In viewing revision 596448 of the mod_unique_id source code, we notice (see lines 56 to 103) that the tuple ( time_stamp, in_addr, pid, counter, thread_index ) is in fact used to generate our UNIQUE_ID value - this explains why the UNIQUE_ID value is in fact 24 characters in length and not 19 (BTW, revision 981084 fixes the incorrectly commented code).

Note:

According to the source code (see function unique_id_global_init), the size of the UNIQUE_ID string is:

((size_of(unsigned int)+size_of(unsigned int)+size_of(unsigned int)+size_of(unsigned short)+size_of(unsigned int)) * 8 + 5) div 6
= ((4+4+4+2+4) * 8 + 5) div 6
= 24 characters

From the source code (see function gen_unique_id) we also find that a standard MIME base64 encoding is used followed by translating the '+' character to '@' and the '/' character to '-'. This allows us to easily reverse engineer our UNIQUE_ID values and so extract the original input tuple.

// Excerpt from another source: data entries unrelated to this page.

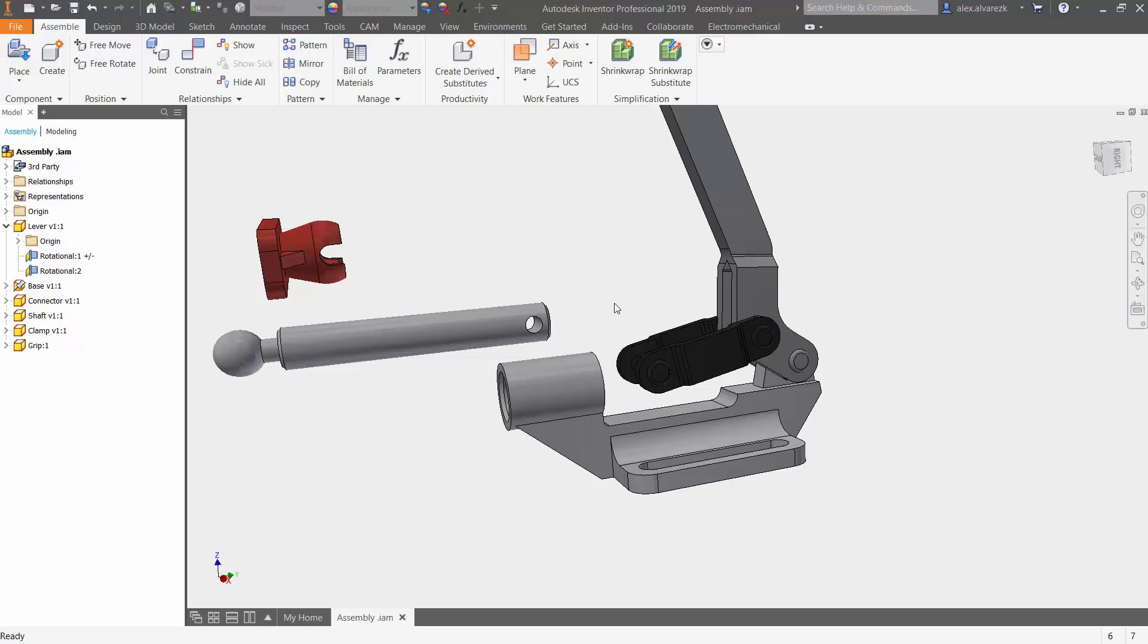So stay tuned for that one. So this has been how to work with the rotational joint while also using the between faces option. Hope that helped.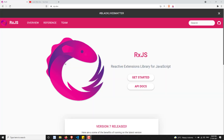Hi friends, this is Leela. Welcome to my channel Leela Web Dev. At last we have reached the end of this RxJS course. Now it's time to close this course. In this video, let's complete this RxJS course by recapping what we have learned so far. Let's try to recap once.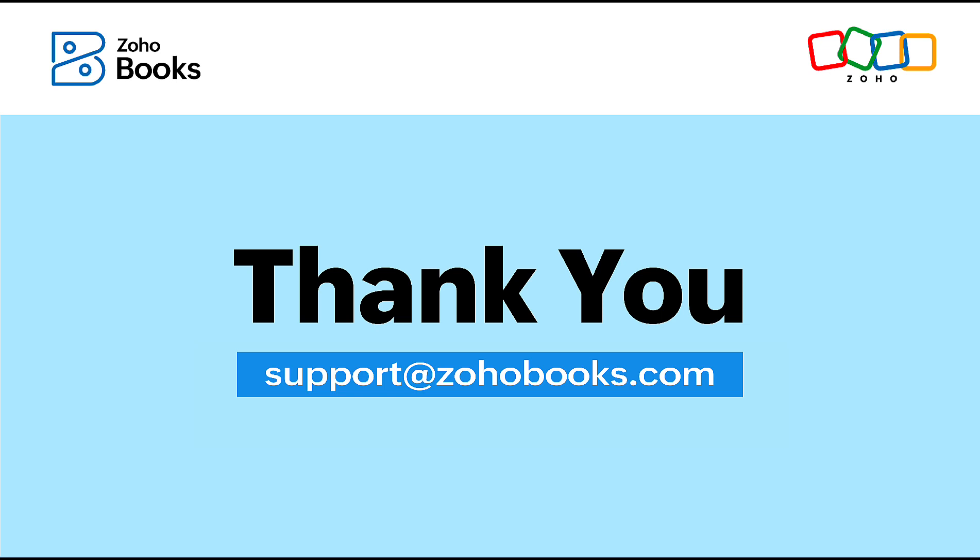If you have any queries, feel free to write to us at support@zohobooks.com and we'll be glad to help you. Thank you.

In examining the revision log for mod_unique_id.c we have that:

  • revision 596448 differs from revision 420893 in the way in which it handles the timestamp value within the function gen_unique_id
  • revision 420893 differs from revision 596059 by changes to the license comments and in the way that it handles calculating UNIQUE_ID over frequent process restarts (ie. within < 1 second of the previous restart)
  • revisions prior to 596059 (all of which are dated July 2002 or earlier) alter the code in multiple ways.
More specifically, we have that:
  • revision 420893 and 596448 both use the C++ expression r->request_time to extract the apr_time_t struct that encodes the time at which the request was received
  • revision 596448 uses the C++ function apr_time_sec to extract (from the apr_time_t struct) the time at which the request was received in seconds as our timestamp value (modulo 232)
  • revision 420893 uses the first 4 bytes of the apr_time_t struct (ie. the tm_usec field or the microseconds component of the time at which the request was received) as our timestamp value.
Based on these observations we can now implement a test, based on our timestamp encoding and the time at which the log event was received, to determine if a given UNIQUE_ID value is at a revision > 420893 or not.

References

[Carrier2006] A Hypothesis-based Approach to Digital Forensic Investigations

by Brian Carrier

May 2006. Phd Thesis. Purdue University. CERIAS Tech Report 2006-06

[Casey2009] Handbook of Digital Forensics and Investigation

by Eoghan Casey

October 2009. Academic Press. ISBN: 978-0-12-374267-4.